KT Curry MS, CGC (She/Her) ; Jeffrey Bissonnette, MSc, CGC (He/Him) ; Anna McGill, MS, CGC (She/Her) ; Elizabeth Wiley, MS, CGC (She/Her)
Breathtaking advances in computational techniques that harness human knowledge and apply it to tasks like artificial-reasoning promise to revolutionize many aspects of the human experience, including the practice of medicine. These techniques, collectively referred to as AI, are best exemplified in newly open-access language models like ChatGPT and BARD, which capitalize on vast training-data covering a wide range of subjects, and on statistical techniques applied to language and prediction that produce surprising and sometimes deceptively convincing results. Other more focused techniques aim to understand the nuances of genetic language and present the evidence-based results to human users. The potential power of these tools is apparent, and along with it comes trepidation regarding what should or should not be incorporated into clinical genetics.
Genetic Counselors (GCs) are in a unique position to usher in a new age of clinical and diagnostic genetics with the ability to leverage this technology’s full potential. Many of us find ourselves in a situation that was inconceivable during our training. As AI becomes increasingly utilized in science and medicine, it will be our challenge as GCs to embrace this technology and become leaders in the field. We appreciate the complexities of clinical genetics and the importance of the accuracy, standardization of methods, and ethical concerns that are associated with providing/interpreting genomic information.
Understandably, AI raises ethical concerns and challenges related to privacy, biases, transparency, and impact on the job market. GCs may fear that AI could replace their position. Patients may fear a relinquishing of privacy or an erosion of the human connection. Physicians may fear reduced accuracy of results. However, AI is merely a tool. Ensuring judicious application is more reasonable than abandoning this tool altogether. For instance, AI can be used to augment our everyday roles. The authors are among dozens of genetics professionals who work at a genomics intelligence company, using AI tools and AI-derived evidence to curate the clinical exome from published evidence. Use of this technology has promoted workflow efficiency, improved diagnostic rates, and allowed us as human experts to focus on the cognitive aspects of our duties rather than the data-gathering. As GCs, we leverage our clinical expertise in disease-phenotype knowledge, variant discrepancies, ethical considerations/applications, and technical limitations/strengths of functional assay results. This has bolstered our resiliency and dedication to finding accurate information for clinical, pharma, and research use. Rapid AND accurate review of these data would not be possible without assistance from our AI-capabilities.

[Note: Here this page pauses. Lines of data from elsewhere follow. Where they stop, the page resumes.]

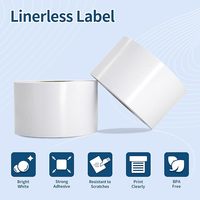 Ücretsiz örnek 4 inç kullanımlık termal etiket doğrudan Linerless yapıştırıcı Sticker parlak plastik barkod 3 inç astar az kağıt rulolar
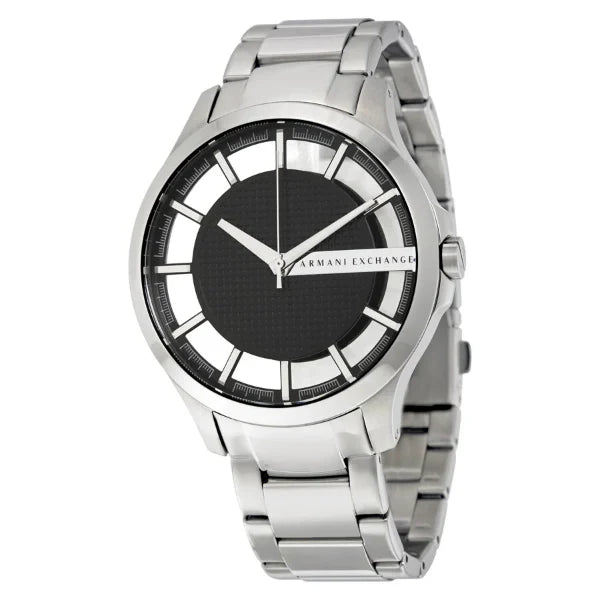 Armani Exchange Hampton Chronograph Black Dial Silver Steel Strap Watch For Men - AX2179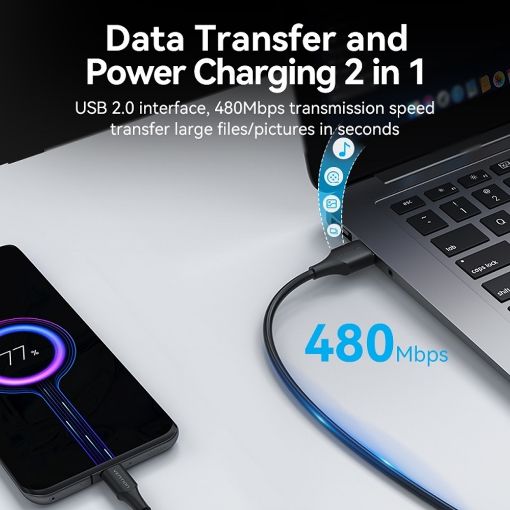 Εικόνα της Καλώδιο Vention USB-A 2.0 to USB-C M/M 1m Black CTHBF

Some GCs may gravitate to industry to impact whole cohorts of patients or whole categories of scientific methods, practices, policies, etc. AI-derived tools have been specialized to the application of genomics to aid in genetic nomenclature resolutions, transcript issues, published genomic dataset searches, and beyond. We ask ourselves every day, “What can AI do for us to increase efficiency?” so we humans can spend our time focusing on the art of genomic interpretation. Additional areas of opportunity in AI include more effective communication with patients/families, preparation of educational materials, optimizing workflows, and improving data gathering.

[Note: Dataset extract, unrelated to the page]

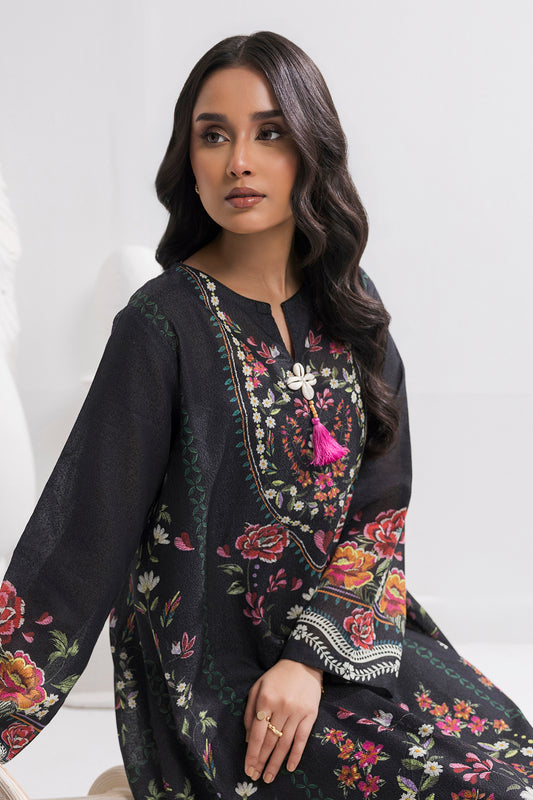 Printed Kaftaan Slub Textured Dress - 2895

A benefit of our GC training is knowing the patient’s experience from the ground up. For GCs, it is ingrained that each patient, each test report, each variant of interest matters. The people behind the samples and datasets matter. Experiencing the impact on a one-to-one human scale in the clinical genetics space is instructive when thinking about examining big data. In this spirit, challenges in AI may include representing underserved communities, privacy, accuracy, patient consent, and sensitivity in the field of genetics. AI is only a tool to aid in specific tasks. As GCs, we will be the stewards of appropriate application of these tools in the service of better treating our patients.
GCs are well-suited to embrace the opportunities and address challenges the use of AI poses in the clinical genomics space and industry. We encourage you to identify a professional task you perform regularly and explore whether there is an AI-enabled tool that could increase efficiency and accuracy. Consider this a challenge! But also, an experiment. Be scientific and skeptical in your approach and consider the best way to implement the use of the new tool - not to replace entirely what you do, but rather to optimize.

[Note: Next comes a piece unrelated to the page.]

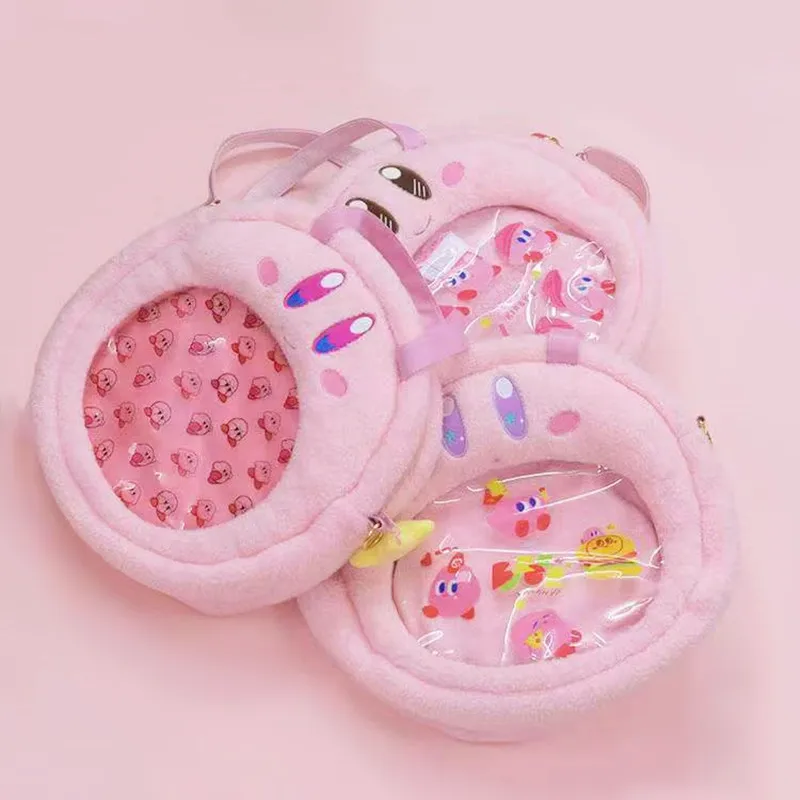 

Star Kirby Cartoon Anime Pink Girl Heart Cute Plush Mummy Bag Handbag Large Shoulder Bag Birthday Gift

KT Curry MS, CGC (She/Her) is a Quality Assurance Specialist in Genetic Variant Interpretation at Genomenon and is the current co-chair of the AI/ML subcommittee in the Genomic Technologies SIG. She enjoys providing genomic education to the medical community and nomenclature sleuthing.
Jeffrey Bissonnette, MSc, CGC (He/Him) is the Director of Genomic Curation at Genonenon. He is passionate about utilizing software solutions to make genomic information more widely accessible to patients and the medical community.
Anna McGill, MS, CGC (She/Her) is the Product Quality Manager at Genomenon. Anna has experience in clinical cancer genetic counseling and has spent the past decade specializing in variant interpretation. She is dedicated to ensuring that patients and clinicians have access to all available variant level data that is appropriately identified and properly categorized for the most accurate classification.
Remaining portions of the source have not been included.